Could you return every record below exactly as it is written?

[Data records]
========

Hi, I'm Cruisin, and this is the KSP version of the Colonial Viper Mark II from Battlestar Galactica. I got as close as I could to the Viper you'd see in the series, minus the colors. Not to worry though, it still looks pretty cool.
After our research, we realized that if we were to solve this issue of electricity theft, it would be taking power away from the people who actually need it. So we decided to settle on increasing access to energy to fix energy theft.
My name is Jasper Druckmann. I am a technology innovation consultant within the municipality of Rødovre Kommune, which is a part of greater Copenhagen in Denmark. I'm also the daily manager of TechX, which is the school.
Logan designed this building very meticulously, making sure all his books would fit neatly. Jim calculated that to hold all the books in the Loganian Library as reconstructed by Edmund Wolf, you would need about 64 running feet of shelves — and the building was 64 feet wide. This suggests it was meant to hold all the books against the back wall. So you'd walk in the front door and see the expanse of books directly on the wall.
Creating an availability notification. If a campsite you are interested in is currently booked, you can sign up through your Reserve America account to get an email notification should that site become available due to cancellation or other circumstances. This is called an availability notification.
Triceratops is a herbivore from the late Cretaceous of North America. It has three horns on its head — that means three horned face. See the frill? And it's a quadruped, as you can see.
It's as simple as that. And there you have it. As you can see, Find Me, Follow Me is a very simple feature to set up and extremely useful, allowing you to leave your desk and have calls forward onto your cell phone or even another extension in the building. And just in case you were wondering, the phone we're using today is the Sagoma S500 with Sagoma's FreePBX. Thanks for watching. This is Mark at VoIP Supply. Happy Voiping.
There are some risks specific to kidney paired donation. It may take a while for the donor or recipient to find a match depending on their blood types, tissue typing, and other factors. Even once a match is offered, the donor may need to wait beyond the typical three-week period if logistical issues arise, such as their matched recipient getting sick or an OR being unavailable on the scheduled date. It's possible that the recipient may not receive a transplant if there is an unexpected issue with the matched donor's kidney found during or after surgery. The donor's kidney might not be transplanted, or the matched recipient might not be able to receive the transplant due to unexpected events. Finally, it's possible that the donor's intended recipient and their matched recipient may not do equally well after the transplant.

========

Answer to this problem:
Hi, I'm Cruisin, and this is the KSP version of the Colonial Viper Mark II from Battlestar Galactica. I got as close as I could to the Viper you'd see in the series, minus the colors. Not to worry though, it still looks pretty cool.
After our research, we realized that if we were to solve this issue of electricity theft, it would be taking power away from the people who actually need it. So we decided to settle on increasing access to energy to fix energy theft.
My name is Jasper Druckmann. I am a technology innovation consultant within the municipality of Rødovre Kommune, which is a part of greater Copenhagen in Denmark. I'm also the daily manager of TechX, which is the school.
Logan designed this building very meticulously, making sure all his books would fit neatly. Jim calculated that to hold all the books in the Loganian Library as reconstructed by Edmund Wolf, you would need about 64 running feet of shelves — and the building was 64 feet wide. This suggests it was meant to hold all the books against the back wall. So you'd walk in the front door and see the expanse of books directly on the wall.
Creating an availability notification. If a campsite you are interested in is currently booked, you can sign up through your Reserve America account to get an email notification should that site become available due to cancellation or other circumstances. This is called an availability notification.
Triceratops is a herbivore from the late Cretaceous of North America. It has three horns on its head — that means three horned face. See the frill? And it's a quadruped, as you can see.
It's as simple as that. And there you have it. As you can see, Find Me, Follow Me is a very simple feature to set up and extremely useful, allowing you to leave your desk and have calls forward onto your cell phone or even another extension in the building. And just in case you were wondering, the phone we're using today is the Sagoma S500 with Sagoma's FreePBX. Thanks for watching. This is Mark at VoIP Supply. Happy Voiping.
There are some risks specific to kidney paired donation. It may take a while for the donor or recipient to find a match depending on their blood types, tissue typing, and other factors. Even once a match is offered, the donor may need to wait beyond the typical three-week period if logistical issues arise, such as their matched recipient getting sick or an OR being unavailable on the scheduled date. It's possible that the recipient may not receive a transplant if there is an unexpected issue with the matched donor's kidney found during or after surgery. The donor's kidney might not be transplanted, or the matched recipient might not be able to receive the transplant due to unexpected events. Finally, it's possible that the donor's intended recipient and their matched recipient may not do equally well after the transplant.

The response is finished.